**EXERCISE INSTRUCTIONS**:
All of the data needs to be printed again, exactly as written.

**DATA IN THIS EXERCISE**:
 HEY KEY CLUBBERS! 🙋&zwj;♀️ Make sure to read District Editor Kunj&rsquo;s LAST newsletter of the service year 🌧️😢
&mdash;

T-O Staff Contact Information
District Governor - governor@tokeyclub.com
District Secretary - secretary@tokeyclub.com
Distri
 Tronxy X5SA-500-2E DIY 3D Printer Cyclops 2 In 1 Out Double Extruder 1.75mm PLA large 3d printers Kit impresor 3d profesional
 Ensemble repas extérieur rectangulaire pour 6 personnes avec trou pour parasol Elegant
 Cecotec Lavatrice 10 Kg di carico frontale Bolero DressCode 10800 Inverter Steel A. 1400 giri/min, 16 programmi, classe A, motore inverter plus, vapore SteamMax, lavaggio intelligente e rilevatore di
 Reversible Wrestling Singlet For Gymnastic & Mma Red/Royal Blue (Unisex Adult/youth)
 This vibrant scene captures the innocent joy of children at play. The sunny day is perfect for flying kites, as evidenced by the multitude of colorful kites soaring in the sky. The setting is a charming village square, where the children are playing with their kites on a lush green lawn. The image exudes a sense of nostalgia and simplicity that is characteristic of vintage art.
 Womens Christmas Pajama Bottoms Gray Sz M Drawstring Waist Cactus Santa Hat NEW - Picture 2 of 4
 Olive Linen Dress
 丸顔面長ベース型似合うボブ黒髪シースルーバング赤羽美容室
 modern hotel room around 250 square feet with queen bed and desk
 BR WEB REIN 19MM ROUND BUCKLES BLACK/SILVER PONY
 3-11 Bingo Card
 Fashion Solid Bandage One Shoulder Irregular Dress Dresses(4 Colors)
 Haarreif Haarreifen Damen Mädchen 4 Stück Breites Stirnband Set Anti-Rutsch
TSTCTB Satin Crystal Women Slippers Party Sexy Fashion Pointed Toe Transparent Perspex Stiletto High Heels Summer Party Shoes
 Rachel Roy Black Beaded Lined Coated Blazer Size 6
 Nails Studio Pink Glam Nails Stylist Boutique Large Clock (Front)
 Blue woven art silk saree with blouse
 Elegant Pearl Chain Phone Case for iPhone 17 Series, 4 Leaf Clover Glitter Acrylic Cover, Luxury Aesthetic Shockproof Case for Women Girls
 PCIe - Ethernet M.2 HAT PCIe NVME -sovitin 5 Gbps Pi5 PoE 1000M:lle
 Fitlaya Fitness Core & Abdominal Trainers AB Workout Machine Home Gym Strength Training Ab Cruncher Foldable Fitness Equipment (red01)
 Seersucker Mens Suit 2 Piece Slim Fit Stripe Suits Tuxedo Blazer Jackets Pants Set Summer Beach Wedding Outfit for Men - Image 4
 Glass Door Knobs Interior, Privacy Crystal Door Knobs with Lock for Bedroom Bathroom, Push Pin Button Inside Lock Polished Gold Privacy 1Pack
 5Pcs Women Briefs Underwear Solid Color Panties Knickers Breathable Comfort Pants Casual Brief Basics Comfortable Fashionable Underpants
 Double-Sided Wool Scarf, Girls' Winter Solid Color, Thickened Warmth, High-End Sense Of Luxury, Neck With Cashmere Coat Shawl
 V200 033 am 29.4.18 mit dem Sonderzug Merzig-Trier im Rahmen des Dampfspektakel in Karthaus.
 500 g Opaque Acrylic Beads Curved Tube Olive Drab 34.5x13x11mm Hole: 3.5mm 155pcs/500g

**FINISHED TASK**:
 HEY KEY CLUBBERS! 🙋&zwj;♀️ Make sure to read District Editor Kunj&rsquo;s LAST newsletter of the service year 🌧️😢
&mdash;

T-O Staff Contact Information
District Governor - governor@tokeyclub.com
District Secretary - secretary@tokeyclub.com
Distri
 Tronxy X5SA-500-2E DIY 3D Printer Cyclops 2 In 1 Out Double Extruder 1.75mm PLA large 3d printers Kit impresor 3d profesional
 Ensemble repas extérieur rectangulaire pour 6 personnes avec trou pour parasol Elegant
 Cecotec Lavatrice 10 Kg di carico frontale Bolero DressCode 10800 Inverter Steel A. 1400 giri/min, 16 programmi, classe A, motore inverter plus, vapore SteamMax, lavaggio intelligente e rilevatore di
 Reversible Wrestling Singlet For Gymnastic & Mma Red/Royal Blue (Unisex Adult/youth)
 This vibrant scene captures the innocent joy of children at play. The sunny day is perfect for flying kites, as evidenced by the multitude of colorful kites soaring in the sky. The setting is a charming village square, where the children are playing with their kites on a lush green lawn. The image exudes a sense of nostalgia and simplicity that is characteristic of vintage art.
 Womens Christmas Pajama Bottoms Gray Sz M Drawstring Waist Cactus Santa Hat NEW - Picture 2 of 4
 Olive Linen Dress
 丸顔面長ベース型似合うボブ黒髪シースルーバング赤羽美容室
 modern hotel room around 250 square feet with queen bed and desk
 BR WEB REIN 19MM ROUND BUCKLES BLACK/SILVER PONY
 3-11 Bingo Card
 Fashion Solid Bandage One Shoulder Irregular Dress Dresses(4 Colors)
 Haarreif Haarreifen Damen Mädchen 4 Stück Breites Stirnband Set Anti-Rutsch
TSTCTB Satin Crystal Women Slippers Party Sexy Fashion Pointed Toe Transparent Perspex Stiletto High Heels Summer Party Shoes
 Rachel Roy Black Beaded Lined Coated Blazer Size 6
 Nails Studio Pink Glam Nails Stylist Boutique Large Clock (Front)
 Blue woven art silk saree with blouse
 Elegant Pearl Chain Phone Case for iPhone 17 Series, 4 Leaf Clover Glitter Acrylic Cover, Luxury Aesthetic Shockproof Case for Women Girls
 PCIe - Ethernet M.2 HAT PCIe NVME -sovitin 5 Gbps Pi5 PoE 1000M:lle
 Fitlaya Fitness Core & Abdominal Trainers AB Workout Machine Home Gym Strength Training Ab Cruncher Foldable Fitness Equipment (red01)
 Seersucker Mens Suit 2 Piece Slim Fit Stripe Suits Tuxedo Blazer Jackets Pants Set Summer Beach Wedding Outfit for Men - Image 4
 Glass Door Knobs Interior, Privacy Crystal Door Knobs with Lock for Bedroom Bathroom, Push Pin Button Inside Lock Polished Gold Privacy 1Pack
 5Pcs Women Briefs Underwear Solid Color Panties Knickers Breathable Comfort Pants Casual Brief Basics Comfortable Fashionable Underpants
 Double-Sided Wool Scarf, Girls' Winter Solid Color, Thickened Warmth, High-End Sense Of Luxury, Neck With Cashmere Coat Shawl
 V200 033 am 29.4.18 mit dem Sonderzug Merzig-Trier im Rahmen des Dampfspektakel in Karthaus.
 500 g Opaque Acrylic Beads Curved Tube Olive Drab 34.5x13x11mm Hole: 3.5mm 155pcs/500g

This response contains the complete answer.